(Exercise description): Look through the records and copy each line that has "Ford" in it.
=====
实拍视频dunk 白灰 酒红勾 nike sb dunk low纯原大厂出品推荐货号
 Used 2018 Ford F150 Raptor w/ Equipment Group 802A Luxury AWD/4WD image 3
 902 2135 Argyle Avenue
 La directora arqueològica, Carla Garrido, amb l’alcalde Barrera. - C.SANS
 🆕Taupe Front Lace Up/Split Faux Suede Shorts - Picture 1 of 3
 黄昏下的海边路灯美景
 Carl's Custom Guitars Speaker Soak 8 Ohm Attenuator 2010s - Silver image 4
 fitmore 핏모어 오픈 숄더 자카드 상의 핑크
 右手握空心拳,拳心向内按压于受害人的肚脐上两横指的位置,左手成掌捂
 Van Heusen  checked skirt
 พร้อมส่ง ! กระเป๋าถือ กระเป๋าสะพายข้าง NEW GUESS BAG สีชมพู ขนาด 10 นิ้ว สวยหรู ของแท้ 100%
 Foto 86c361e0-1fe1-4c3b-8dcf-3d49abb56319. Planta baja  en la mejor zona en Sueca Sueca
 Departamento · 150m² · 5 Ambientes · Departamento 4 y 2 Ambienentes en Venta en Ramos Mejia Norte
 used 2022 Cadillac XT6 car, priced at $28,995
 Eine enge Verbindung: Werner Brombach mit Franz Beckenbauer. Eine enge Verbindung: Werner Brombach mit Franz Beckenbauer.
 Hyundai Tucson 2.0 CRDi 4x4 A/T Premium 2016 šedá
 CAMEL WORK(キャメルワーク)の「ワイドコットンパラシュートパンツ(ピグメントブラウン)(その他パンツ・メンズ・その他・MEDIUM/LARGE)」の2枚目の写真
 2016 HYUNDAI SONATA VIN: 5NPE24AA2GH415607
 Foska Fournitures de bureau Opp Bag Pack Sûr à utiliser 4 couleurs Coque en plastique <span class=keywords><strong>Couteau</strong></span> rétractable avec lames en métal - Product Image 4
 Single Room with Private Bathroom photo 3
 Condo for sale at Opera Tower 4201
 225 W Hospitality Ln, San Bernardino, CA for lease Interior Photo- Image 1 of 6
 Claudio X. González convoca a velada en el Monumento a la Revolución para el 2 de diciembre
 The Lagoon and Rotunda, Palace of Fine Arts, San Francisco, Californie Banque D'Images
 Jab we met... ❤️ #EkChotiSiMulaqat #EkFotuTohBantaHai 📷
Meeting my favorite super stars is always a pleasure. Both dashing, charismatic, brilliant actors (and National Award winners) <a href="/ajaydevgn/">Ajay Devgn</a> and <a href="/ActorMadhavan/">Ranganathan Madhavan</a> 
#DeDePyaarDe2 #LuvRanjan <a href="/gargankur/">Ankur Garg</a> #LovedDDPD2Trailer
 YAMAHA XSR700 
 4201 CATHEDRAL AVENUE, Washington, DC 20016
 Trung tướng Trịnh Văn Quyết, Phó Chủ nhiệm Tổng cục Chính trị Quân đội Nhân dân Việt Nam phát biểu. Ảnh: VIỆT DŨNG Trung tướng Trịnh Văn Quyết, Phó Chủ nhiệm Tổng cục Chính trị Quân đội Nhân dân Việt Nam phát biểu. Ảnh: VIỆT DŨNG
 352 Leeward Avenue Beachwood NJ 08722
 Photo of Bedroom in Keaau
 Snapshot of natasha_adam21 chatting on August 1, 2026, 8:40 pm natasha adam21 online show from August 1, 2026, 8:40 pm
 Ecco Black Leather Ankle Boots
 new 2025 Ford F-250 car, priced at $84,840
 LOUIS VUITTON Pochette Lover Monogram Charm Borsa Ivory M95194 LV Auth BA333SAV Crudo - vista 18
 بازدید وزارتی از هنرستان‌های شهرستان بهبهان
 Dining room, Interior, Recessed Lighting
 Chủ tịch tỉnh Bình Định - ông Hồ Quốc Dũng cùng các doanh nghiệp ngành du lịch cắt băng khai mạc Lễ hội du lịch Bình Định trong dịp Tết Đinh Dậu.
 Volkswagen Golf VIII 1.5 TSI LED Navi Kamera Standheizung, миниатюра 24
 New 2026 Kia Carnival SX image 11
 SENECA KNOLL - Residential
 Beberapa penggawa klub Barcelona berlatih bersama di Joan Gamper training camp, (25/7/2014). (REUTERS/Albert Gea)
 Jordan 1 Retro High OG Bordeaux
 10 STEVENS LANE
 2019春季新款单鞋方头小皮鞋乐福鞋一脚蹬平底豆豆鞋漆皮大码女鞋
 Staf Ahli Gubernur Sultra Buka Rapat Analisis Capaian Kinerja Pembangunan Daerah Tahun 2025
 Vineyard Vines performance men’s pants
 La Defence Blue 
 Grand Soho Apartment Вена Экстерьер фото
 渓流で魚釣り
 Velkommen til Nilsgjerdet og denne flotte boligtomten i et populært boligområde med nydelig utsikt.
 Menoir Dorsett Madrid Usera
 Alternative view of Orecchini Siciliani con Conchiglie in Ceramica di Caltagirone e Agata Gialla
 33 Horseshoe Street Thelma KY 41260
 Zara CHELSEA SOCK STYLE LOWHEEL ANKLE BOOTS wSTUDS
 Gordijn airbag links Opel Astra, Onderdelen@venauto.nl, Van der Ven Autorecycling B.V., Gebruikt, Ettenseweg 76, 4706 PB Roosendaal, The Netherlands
=====
(Finished exercise):
 Used 2018 Ford F150 Raptor w/ Equipment Group 802A Luxury AWD/4WD image 3
 new 2025 Ford F-250 car, priced at $84,840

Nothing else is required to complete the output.